UFMG estréia na TV Universitária

Se essa rua, se essa rua fosse minha...

Conflitos entre moradores e a rua em Santa Tereza é tema de pesquisa na Escola de Arquitetura

O sociólogo Roberto DaMatta dizia que a rua deveria ser a extensão da nossa casa. Mas, na prática, essa frase soa mais como uma utopia. Enquanto a casa é vista como o espaço privado, a rua é tratada como terra de ninguém. É por isso que as pessoas jogam lixo no chão - o que não costumam fazer em suas próprias residências - danificam telefones públicos e cometem outros vandalismos. Mesmo em Santa Teresa, que tem fama de ser um bairro amado por seus moradores, as condições de habitabilidade das ruas estão cada vez mais difíceis. É o que constata o pesquisador e professor da Escola de Arquitetura, Renato César Ferreira de Souza, que fez um estudo de caso de um trecho da rua Mármore, bem no início do bairro que serviu de berço para o Clube da Esquina. 

"Com o crescimento desordenado de Santa Tereza, muitas atividades não podem ser desenvolvidas como antigamente", lembra o pesquisador, que é morador do bairro centenário. Nessa situação se estabelece o conflito entre as pessoas e a rua. O pesquisador catalogou 27 conflitos, como congestionamento de automóveis, ruído de bares e poluição visual provocada pelos anúncios dos comerciantes locais. Tudo isso transforma em dor de cabeça a simples tarefa de comprar pão na padaria do outro quarteirão.

Inserção

Para o arquiteto, a grande inovação desse tipo de estudo é a viabilização de uma leitura dos espaços urbanos baseada em experiências, observação participante e entrevistas mais flexíveis. "A racionalidade deixou de ser o único parâmetro de análise", diz. Ele afirma que o arquiteto, seja na concepção de casas e prédios ou de projetos de urbanismo e paisagismo, deve se empenhar em conferir condições de habitação ao espaço delimitado pela rua: "Não dá para construir uma casa sem pensar na sua inserção com a via pública." 
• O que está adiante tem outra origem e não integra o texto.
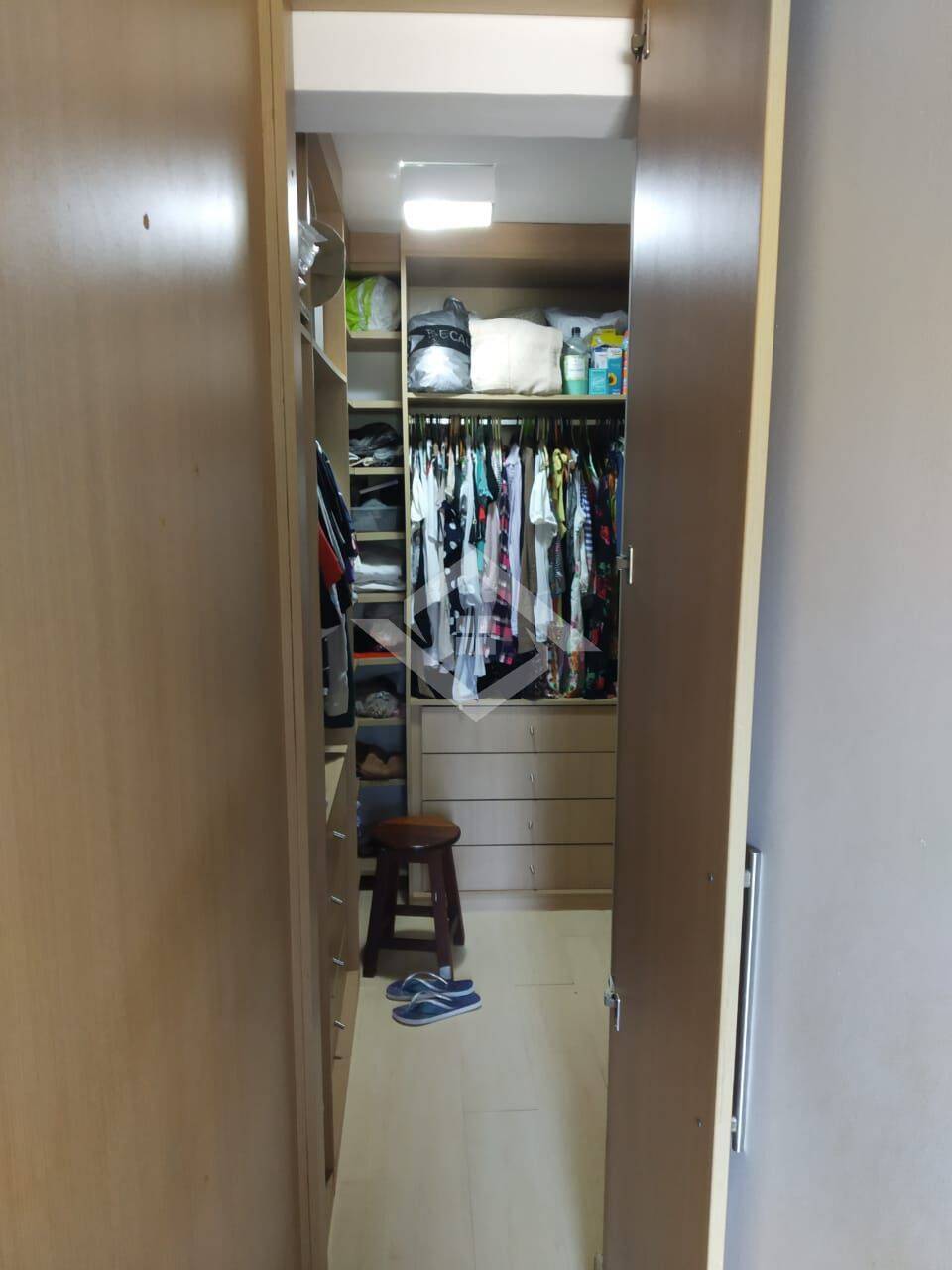 Apartamento para alugar com 4 quartos, 320m² - Foto 16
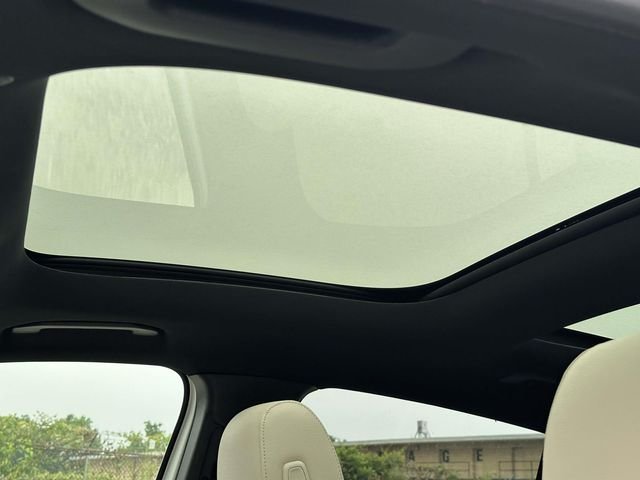 New 2026 Polar White Mercedes-Benz GLA 250 image 31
Renato Ferreira defende que a pesquisa se estenda a outros espaços da cidade, para subsidiar a adoção de políticas públicas que favoreçam a habitabilidade, suprindo carência que não é exclusiva de Santa Tereza e se estende a grande parte da Região Metropolitana. O pesquisador acredita que será possível resgatar certas práticas que "recuperem a humanidade perdida pela rua", como deixar janelas abertas sem temer os perigos que possam entrar por elas; as animadas conversas entre vizinhos nas portas das casas; e o inocente footing dos casais pelas praças e calçadas.